*Task instructions*:
When you reach the line with "Custom Gold Black", start repeating the lines exactly and keep going to the end of the records, but drop every picture.

*Available records*:

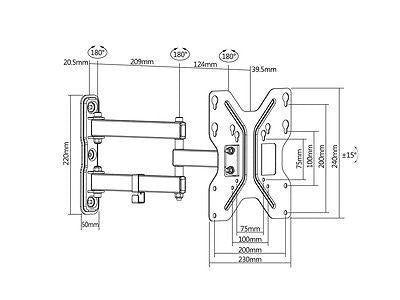 Maclean tv-beslag, max. vesa 200x200, 13-42", 30 kg, MC-648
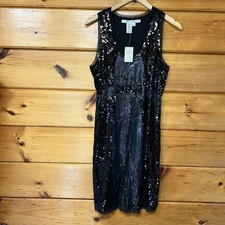 Max Studio Specialty Womens Dress SZ M Black Sequin Cocktail Sheath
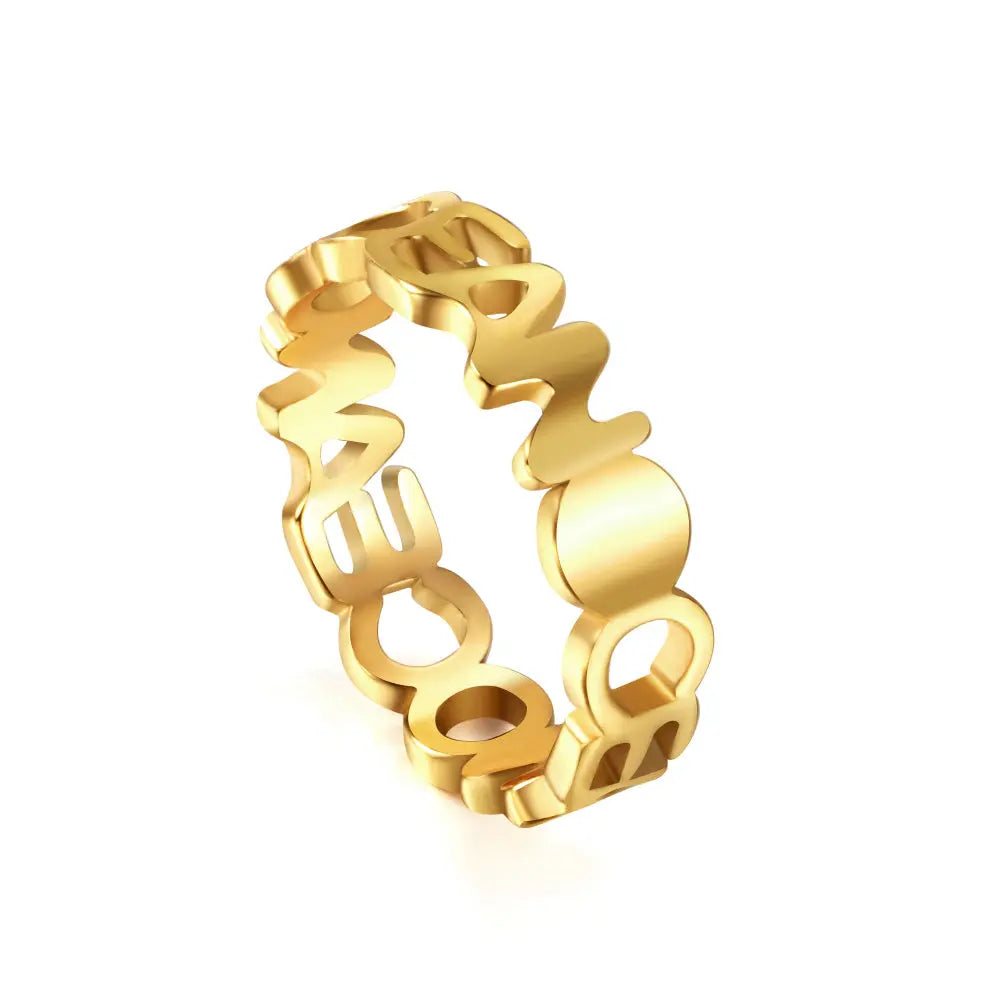 Stainless Steel 18k Gold Plated Letter Ring asonjewelry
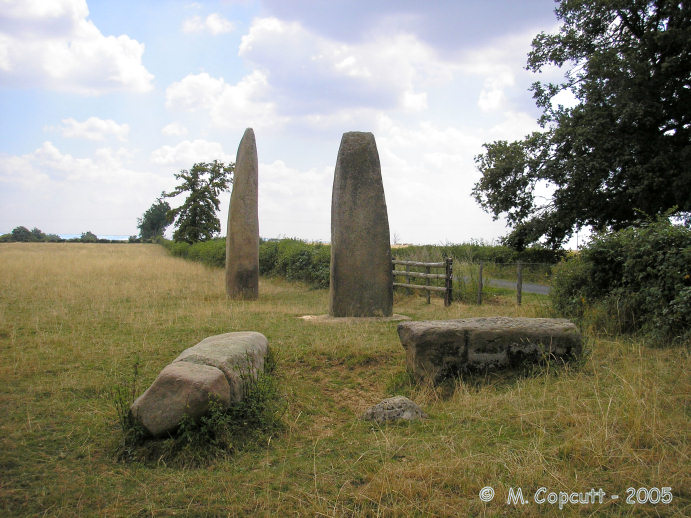 Near the side of the lane is a row of three superbly sculpted menhirs, the southern one being 5.5 metres tall, with several carved lines and cupmarks. 
 
The central menhir is about 4.5 metres tall, but has lost its top, while the northern menhir is fallen and broken (in actual fact it looks to have been cut up) and would perhaps have been bigger than its neighbours. 
 
The three menhirs are e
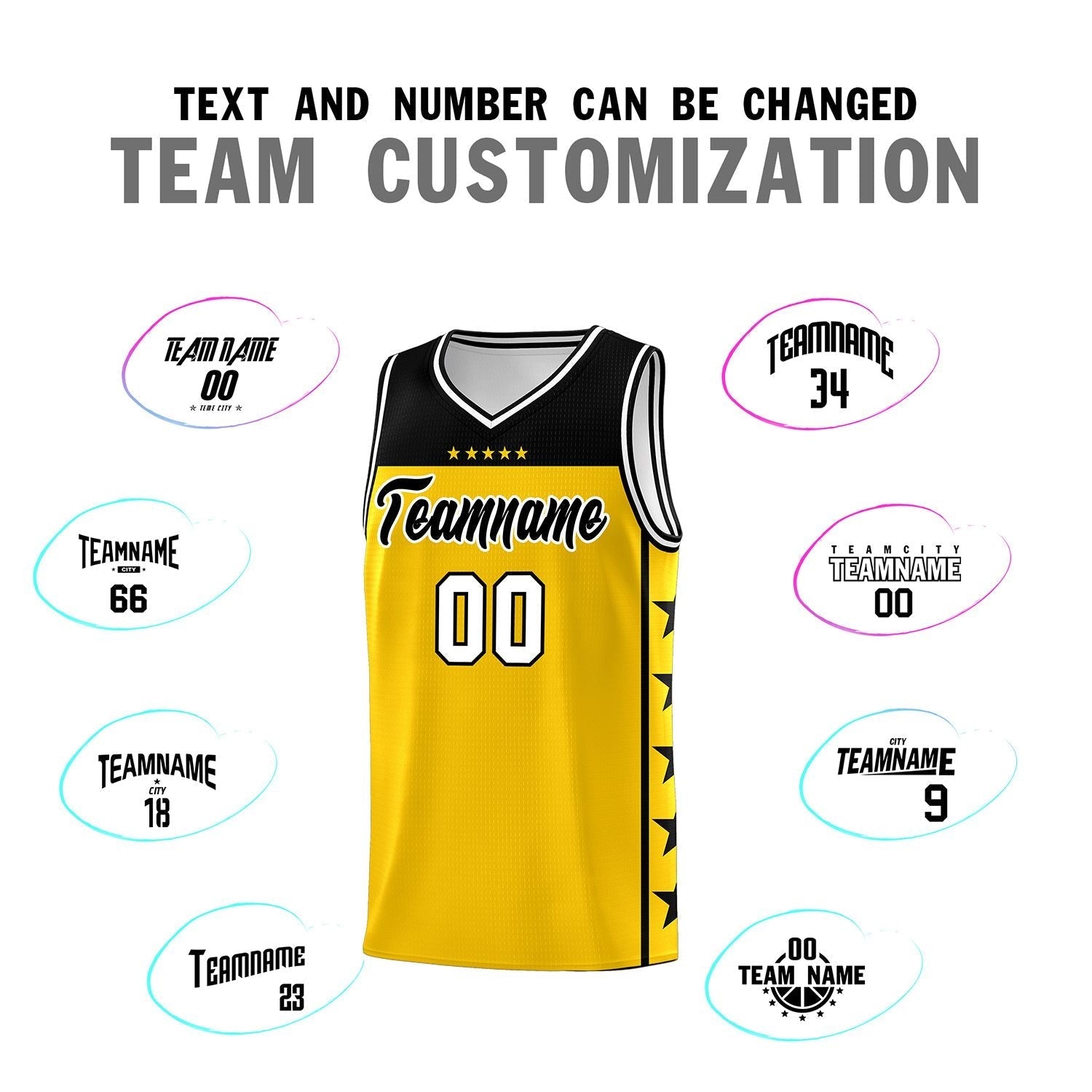 Custom Gold Black Color Block Sets Sports Uniform Basketball Jersey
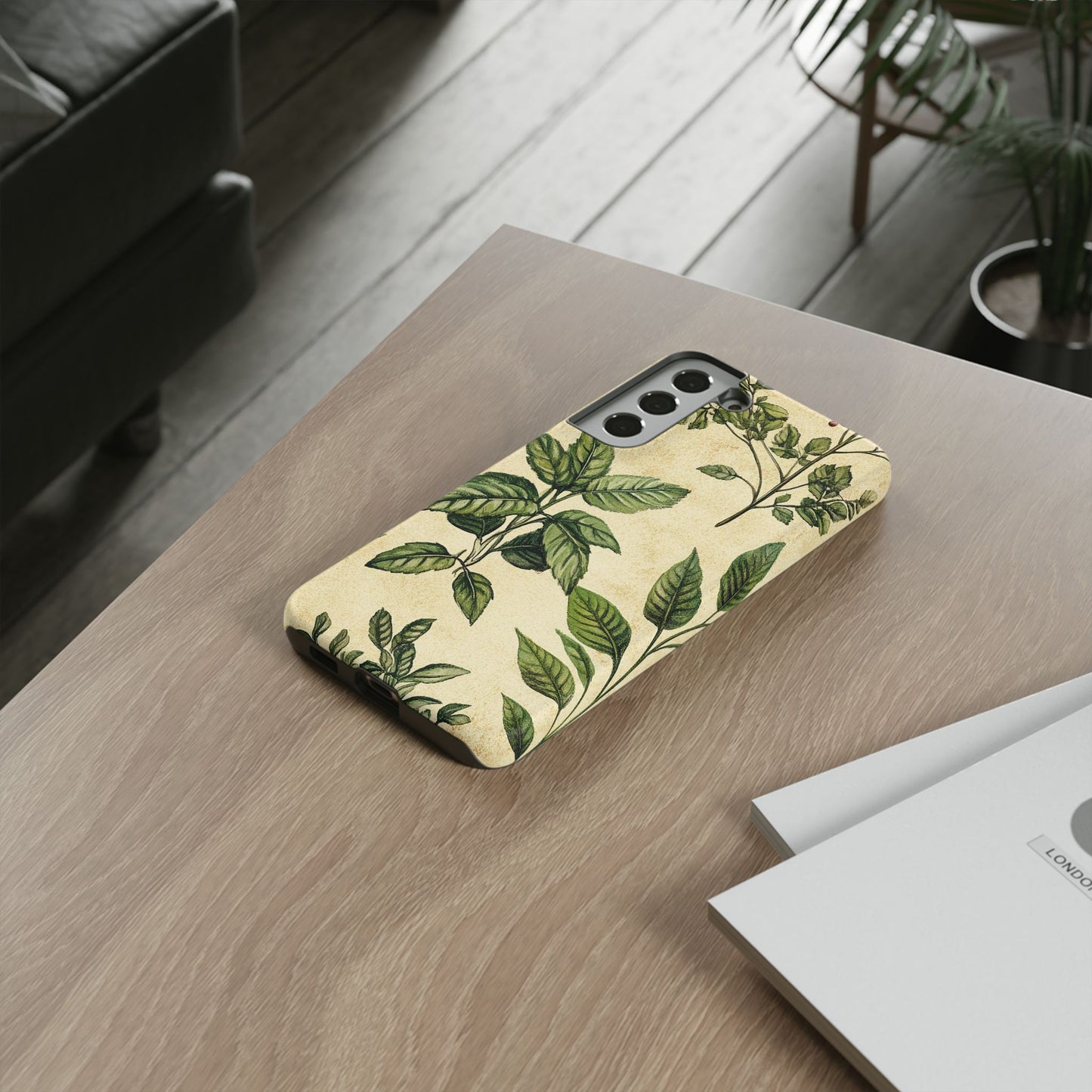 Botanical Leaves Tough Phone Case — Vintage Green Plant Print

*Solution for this problem*:
 Custom Gold Black Color Block Sets Sports Uniform Basketball Jersey
 Botanical Leaves Tough Phone Case — Vintage Green Plant Print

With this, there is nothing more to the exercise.